The 12-year-old program, set to expire at the end of March without congressional action, will be funded by a 62-cent federal tax on each pack of cigarettes.
The Democrat-controlled Congress twice in 2007 passed measures to expand SCHIP by $35 billion over five years, to $60 billion.
Mr. Bush vetoed both bills. Citing his objections, he said the bills were too costly, would cover some adults and children in middle-class families, and would increase the federal cigarette tax.
The most significant changes from 2007 versions will allow states to end the five-year waiting period for low-income, uninsured children who are legal residents, and loosens identity checks for enrollment -- provisions opposed by many Republicans.
"Given the growing prevalence of identity theft, having welfare officials require less identification than what a checkout clerk at a grocery store normally demands seems likely to encourage fraud and throw the program into disrepute," Rep. Joe L. Barton, Texas Republican, said in a letter this week to Rep. Louise M. Slaughter, New York Democrat and House Rules Committee chairman.

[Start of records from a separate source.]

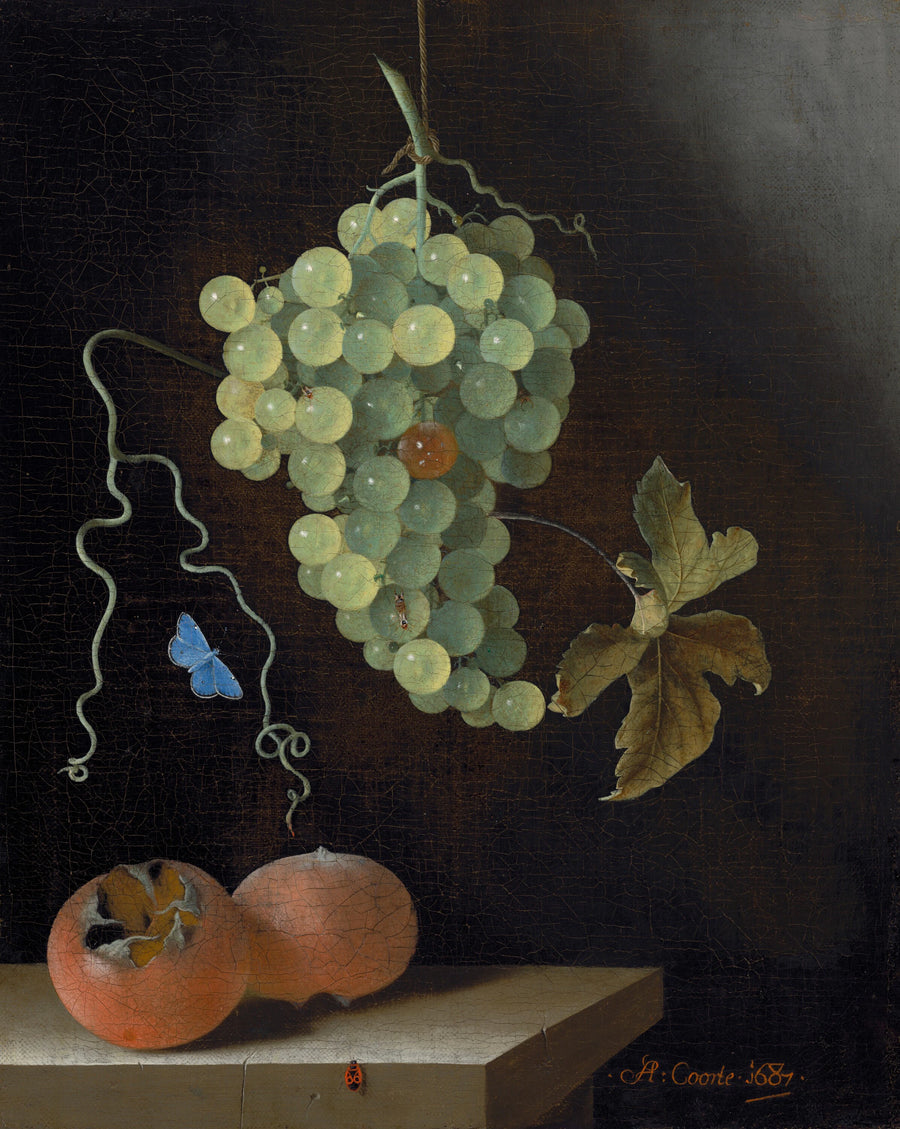 Nature morte avec une grappe de raisin suspendue, deux nèfles et un papillon - Adriaen Coorte
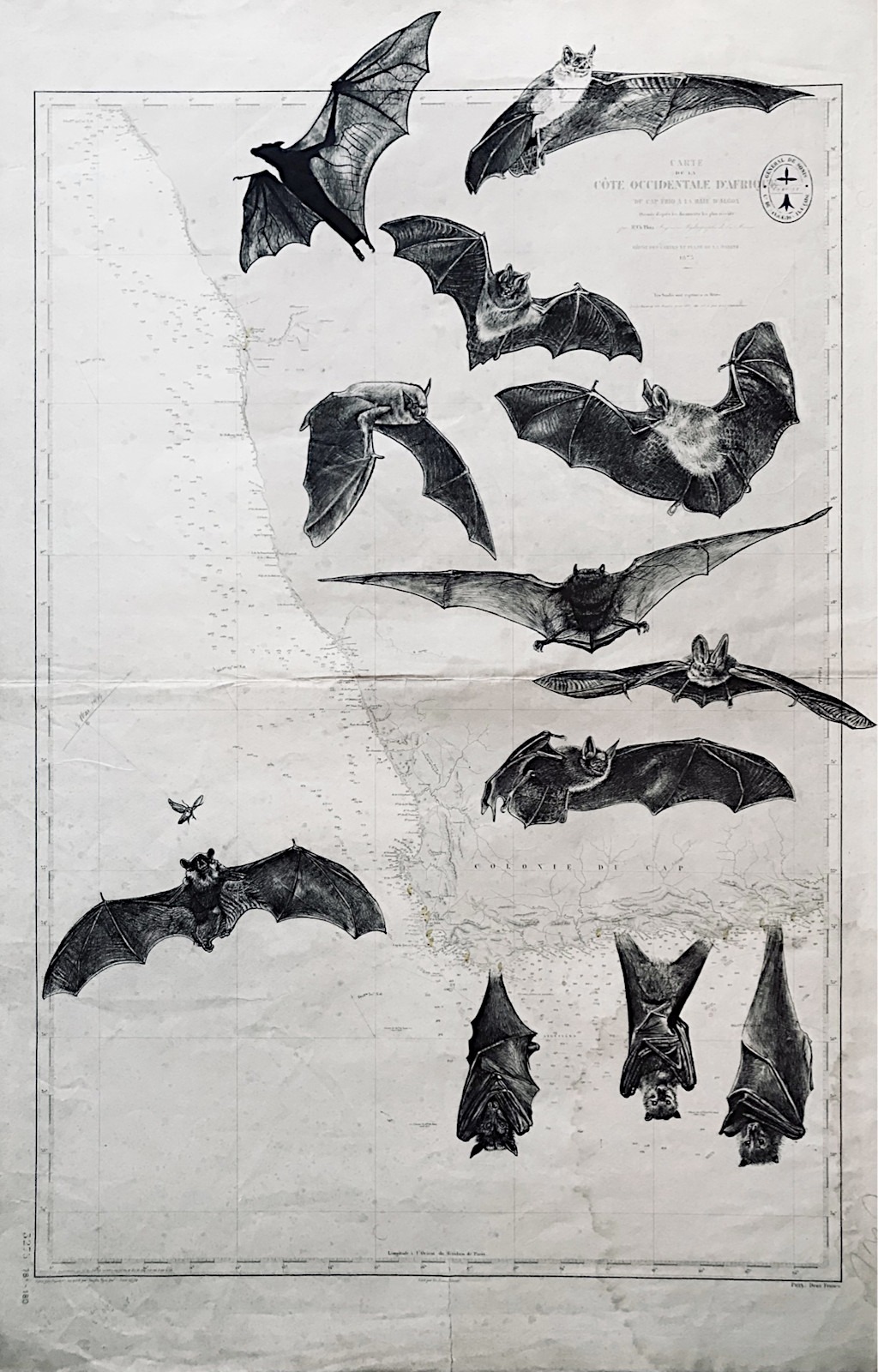Chauves souris, encre de chine sur cartes marines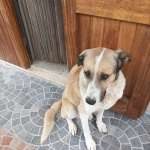 Jack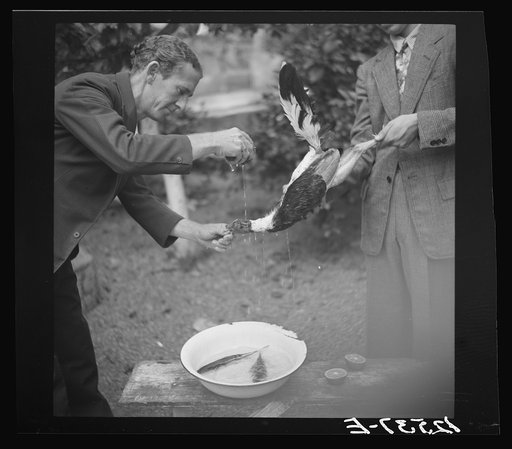Trainer washing the head of a fighting cock before the fight. Puerto Rico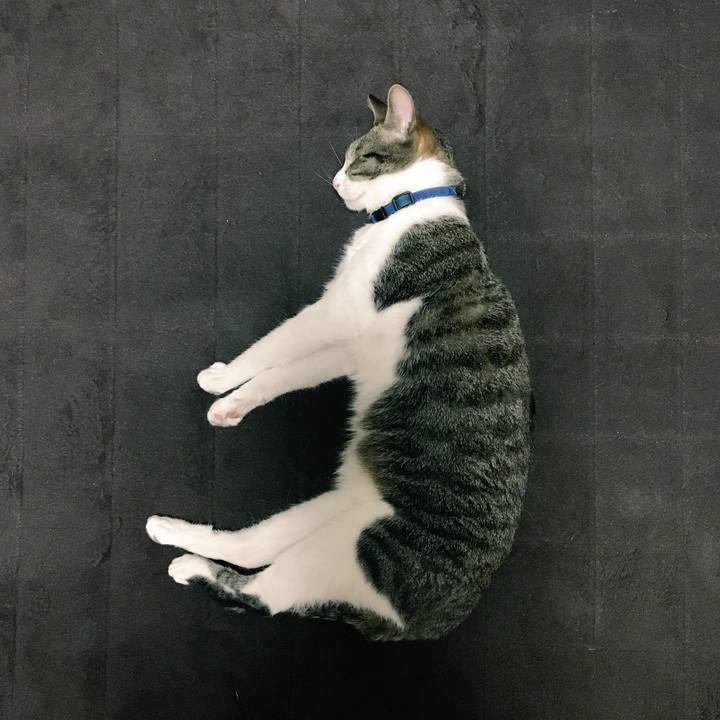 0cae7f2f 2f38 439b bba1 3dcd7a2106c9 1524364637386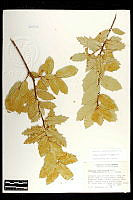 101806 Quercus coccolobifolia.jpg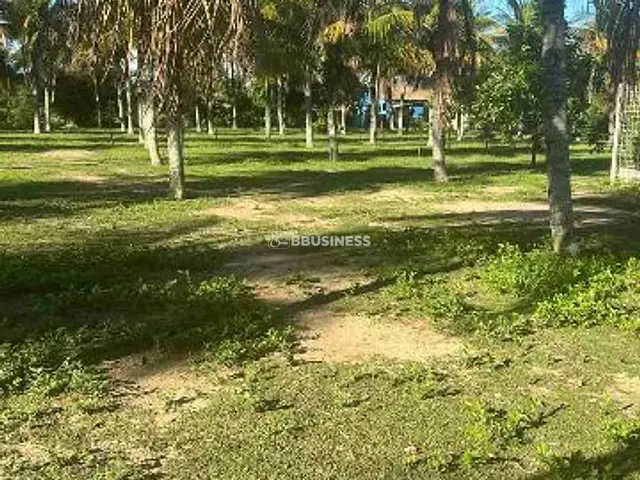 Casa com 12000m² 4 quartos e 5 banheiros, à venda, no bairro Espinho, distrito de São Sebastião de

Campos em Campos dos Goytacazes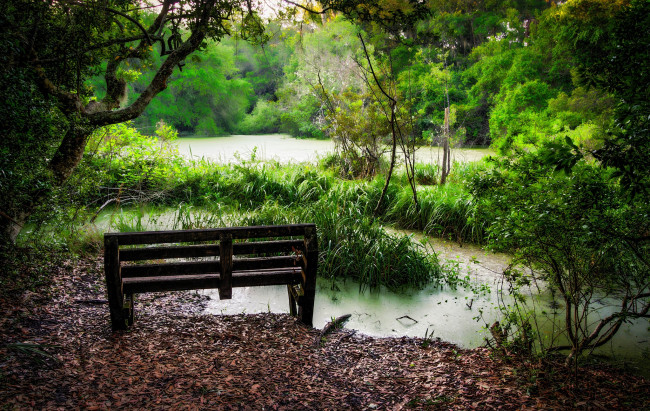 Обои картинки фото природа, реки, озера, листва, трава, болотце, скамейка, лес
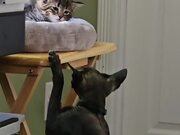 Cat Taps on Head to Check Who's Sleeping onHisBed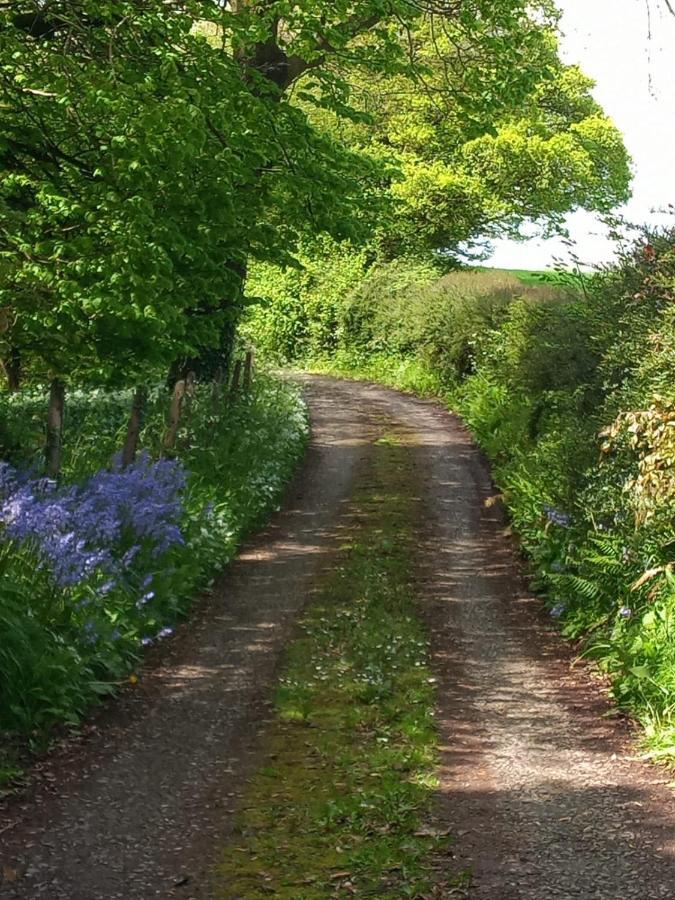 Vineyard Barns Gower Swansea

House Minority Whip Eric Cantor, Virginia Republican, said his party was "extremely concerned" that the measure will expand coverage to some adults at the expense of children.
Congress' decision to expand SCHIP also was applauded by many health care, social welfare and union groups.
"This vote underscores the importance of having the grass-roots voice heard in the halls of Congress, said Gabe Gonzalez, director of the Campaign for Community Values, an advocacy group for low-income Americans. "This didn't just happen. It was a monumental effort by thousands of community leaders making calls, writing letters and e-mails, and dropping in on their representatives."
Wednesday's White House signing gave Mr. Obama a welcome respite from a difficult week in which two of his appointees embarrassingly withdrew from consideration because of tax problems. On Tuesday, former Sen. Tom Daschle dropped out as health and human services secretary nominee, and Nancy Killefer removed herself from the nomination to be chief performance officer.